** Required work **
Among the lines below, take the one holding "2025 Hyundai PALISADE Calligraphy", the one holding "Cover for Che", and all lines between them. Set them down exactly.

** Records for this task **
━━━

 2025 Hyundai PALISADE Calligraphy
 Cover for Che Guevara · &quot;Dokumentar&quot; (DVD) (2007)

━━━

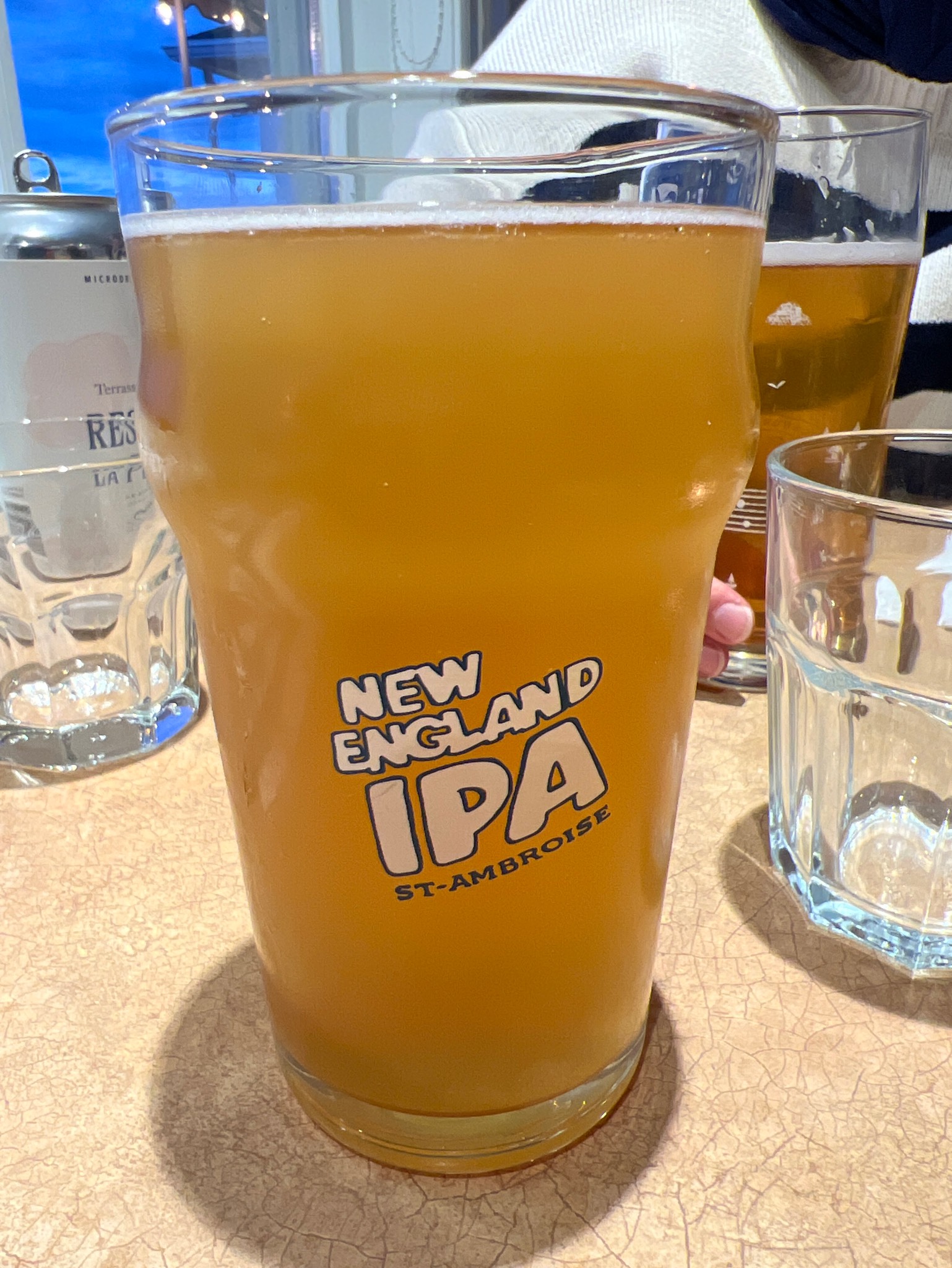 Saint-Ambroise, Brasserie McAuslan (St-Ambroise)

━━━

** Your response **
 2025 Hyundai PALISADE Calligraphy
 Cover for Che Guevara · &quot;Dokumentar&quot; (DVD) (2007)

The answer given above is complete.